Some news has been floating around the Internet where a Google Security Researcher has found and helped in patching a critical vulnerability with Keeper. Keeper is a password manager application is being distributed inbuilt with various copies of Windows 10 this year. Hence, this vulnerability potentially made a large number of machines a target for exploits.
Keeper app contained a critical vulnerability – now patched
Travis Ormandy is the Security Researcher who found this vulnerability said:
I remember filing a bug a while ago about how they were injecting privileged UI into pages. “I checked and, they’re doing the same thing again with this version.
He also demonstrated the attack, and as a part of Project Zero, and shared some details as well. He informed that the bug is subjected to a 90-day disclosure deadline which means that once 90 days are up, Tavis is free to share the details about the bug and how to exploit it publically.
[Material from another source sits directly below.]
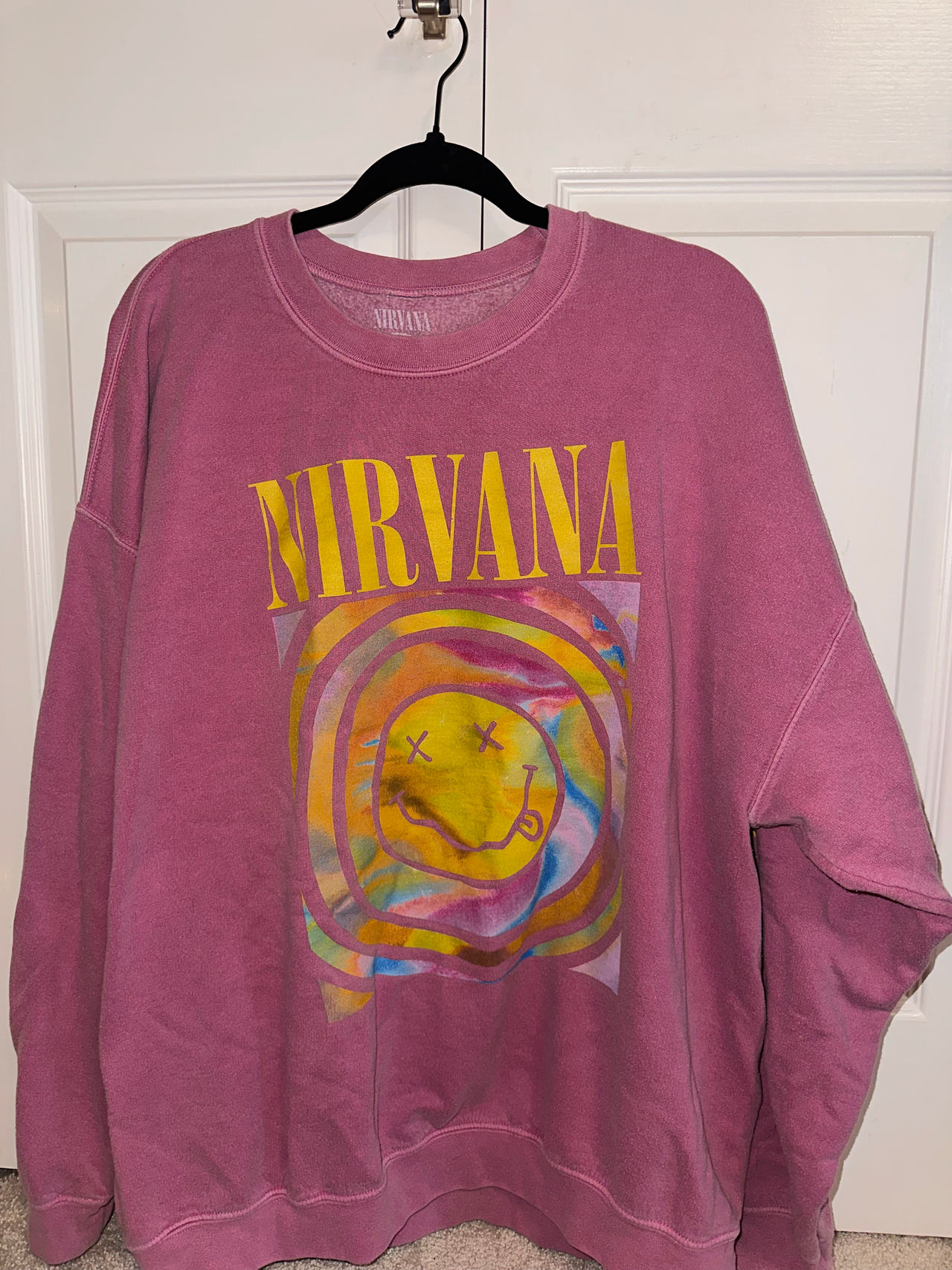 Urban Outfitters Nirvana Smiley Face Sweatshirt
Well, the user may take a sigh of relief because Keeper has already marked this issue as resolved and a new fix is pushed via an update to the app. They said in a blog post that:
All customers running Keeper’s browser extension on Edge, Chrome and Firefox have already received Version 11.4.4 through their respective web browser extension update process. Customers using the Safari extension can manually update to version 11.4.4 by visiting Keeper’s download page. No reports of any customers affected by this bug have been reported to Keeper. Mobile Apps and Desktop Apps were not affected and do not require updates.
Now, it is safe to download this password manager extension from the respective stores of your browsers. It is available for Windows, MacOS, and Linux as a native app and as a browser extension on Internet Explorer, Microsoft Edge, Mozilla Firefox, Google Chrome, and Safari.